Enabling others to discover solutions – Creating space for teams to innovate rather than dictating answers
The key insight: Potential isn't demonstrated through having all the answers. It's demonstrated through enabling your organization to discover them.
Turbulence as the ultimate test
When everything is stable, potential is theoretical. Turbulence reveals it.
Adaptive leaders demonstrate their potential by:
Staying anchored to values while remaining flexible in strategy – They don't confuse core purpose with tactical approaches. Only changing what needs to change. But, driving hard, what needs to change with a clear vision of what needs to happen.
Communicating transparently during uncertainty – They don't hide behind corporate-speak; they level with their teams about what they know and don't know.
Experimenting and iterating in real time – They treat disruption as a series of learning opportunities, not a threat to be managed.
Creating psychological safety – Teams take risks and speak up only when they trust their leader won't punish them for being wrong.
Empowering rapid response – They push decisions down and create space for teams to act, rather than centralizing authority during a crisis.
Finding clarity through action – They don't wait for perfect information; they constantly cycle through test, learn, and adjust. It becomes second nature.
In turbulent environments, the leaders who have high potential aren't the ones with the most comprehensive five-year plans. They're the ones who can make smart moves with incomplete information, stay connected to their teams' reality, and help their organizations learn faster than their competitors.
Six myths about leadership potential that hold you back
Myth 1: "Potential is innate."
Reality: Potential is developed through intentional practice. You can strengthen your learning agility, self-awareness, and adaptability by committing to staying ahead of the trashing machine.
Myth 2: "Potential is only for early-career talent."
Reality: Senior leaders need it most. Your position makes your potential, or lack thereof, more consequential.
Myth 3: "High performers automatically have high potential."
Reality: High performance is often the outcome of potential, but not always. Some high performers are executing a well-worn playbook brilliantly. They may not have the capacity to adapt when the playbook changes.
Myth 4: "Potential is about ambition."
Reality: Potential is about investing in your capacity to learn and adapt—not about striving for the next title. Some of the most ambitious leaders lack the self-awareness to develop their true potential.
Myth 5: "You can't assess potential."
Reality: Potential can be observed and measured through specific behaviours and responses to challenge.
Myth 6: "Potential development is a solo journey."
Reality: Organizational culture, incentives, and leadership norms either enable potential or stifle it.

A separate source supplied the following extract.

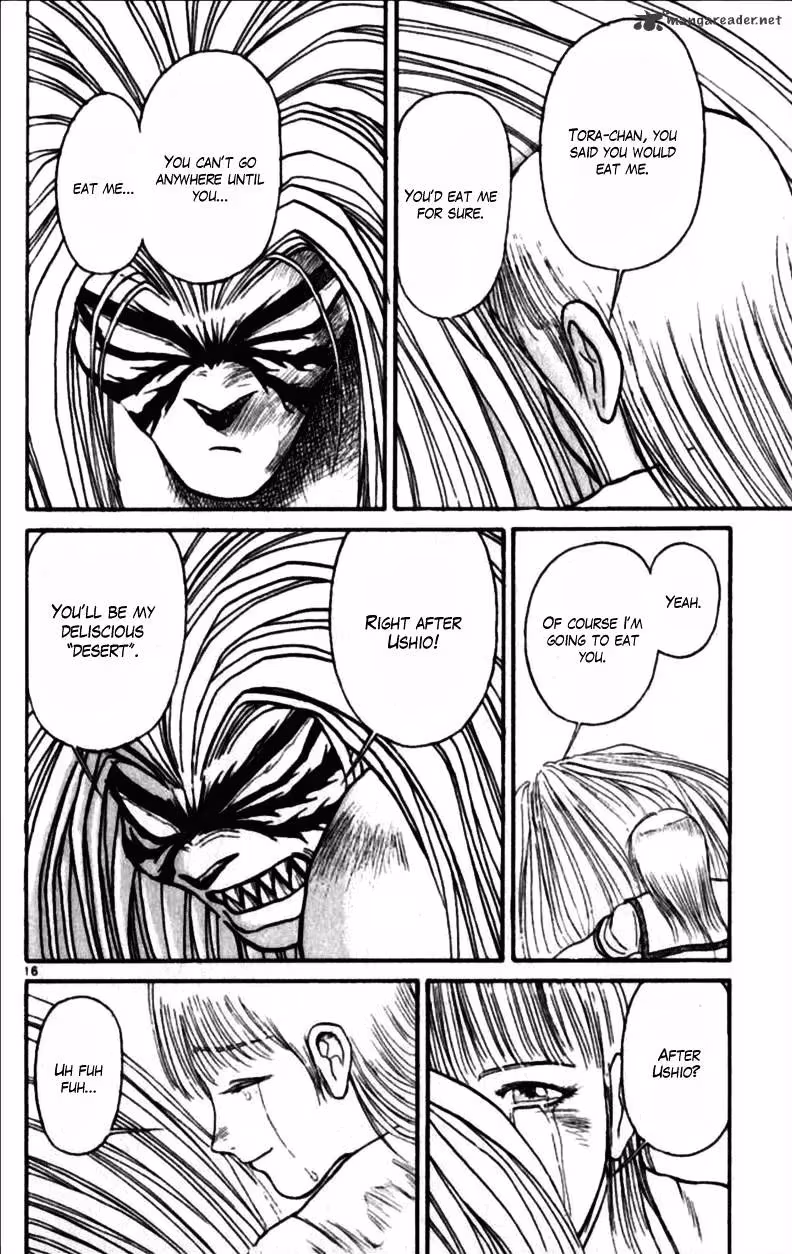 Ushio and Tora Chapter 305 page 19 -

Leaders with potential challenge and engage people across the organization; they don’t play solo.
Why these myths matter: Each one prevents leaders from taking ownership of their development or from building organizations that intentionally grow capability.
The self-assessment every leader needs
Before seeking external feedback or coaching, ask yourself these honest questions:
On Learning Agility:
How quickly do I learn from new or unfamiliar situations?

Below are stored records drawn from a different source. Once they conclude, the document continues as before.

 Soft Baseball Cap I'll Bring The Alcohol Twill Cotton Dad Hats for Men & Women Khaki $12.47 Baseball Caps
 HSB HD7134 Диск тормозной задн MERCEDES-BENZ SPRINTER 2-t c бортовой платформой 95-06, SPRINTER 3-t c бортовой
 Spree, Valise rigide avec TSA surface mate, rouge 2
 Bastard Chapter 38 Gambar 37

Do I actively seek out perspectives different from my own?
How well do I translate learning into changed behaviour?
On Adaptability:
How well do I adapt when circumstances change unexpectedly?
Do I hold my strategies loosely and my values firmly?

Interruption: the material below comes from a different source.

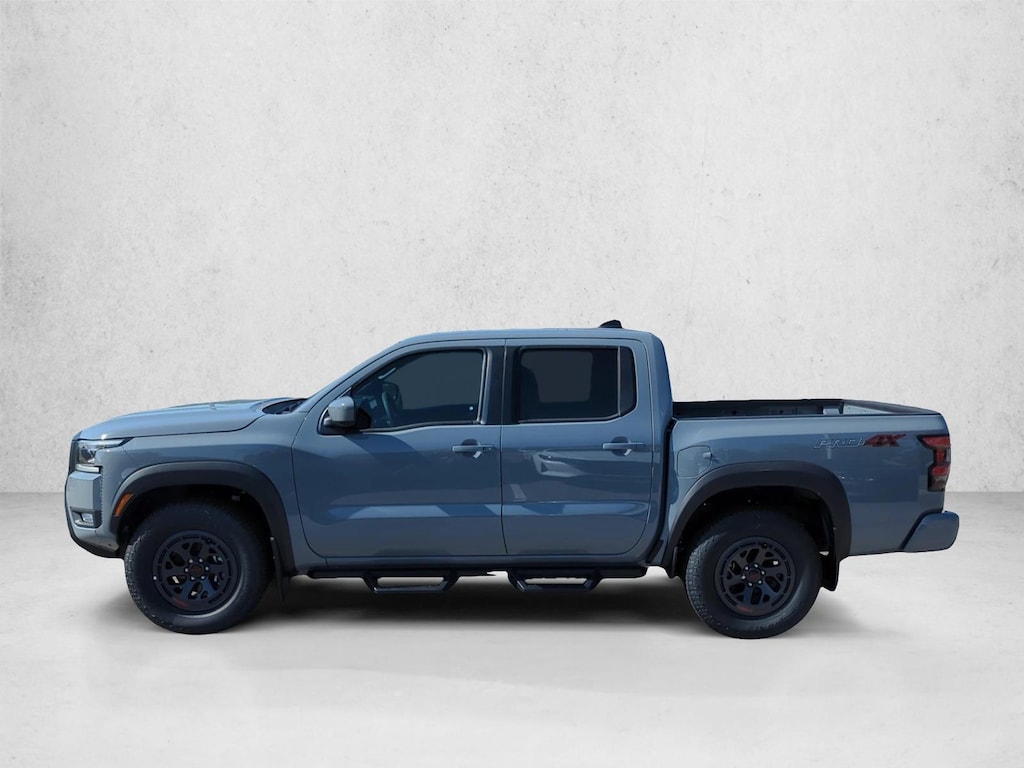 New 2025 Nissan Frontier PRO-4X Truck Crew Cab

Can I change my mind when the evidence warrants it?
On Self-Awareness:
Do I genuinely understand how others experience me?
Can I acknowledge my limitations without becoming defensive?
Do I actively seek feedback, or do I avoid it?
On Impact and Influence:
Do I elevate the performance of others, or do I overshadow them?
Do I encourage critical thinking, or do I expect agreement?
Am I expanding my sphere of influence, or remaining within my lane?
On Enterprise Perspective:
Do I think beyond my own mandate to the organization's broader challenges?
Do I involve others in committing to a shared vision, or do I operate in silos?
Do I invest in leaders beyond my direct team?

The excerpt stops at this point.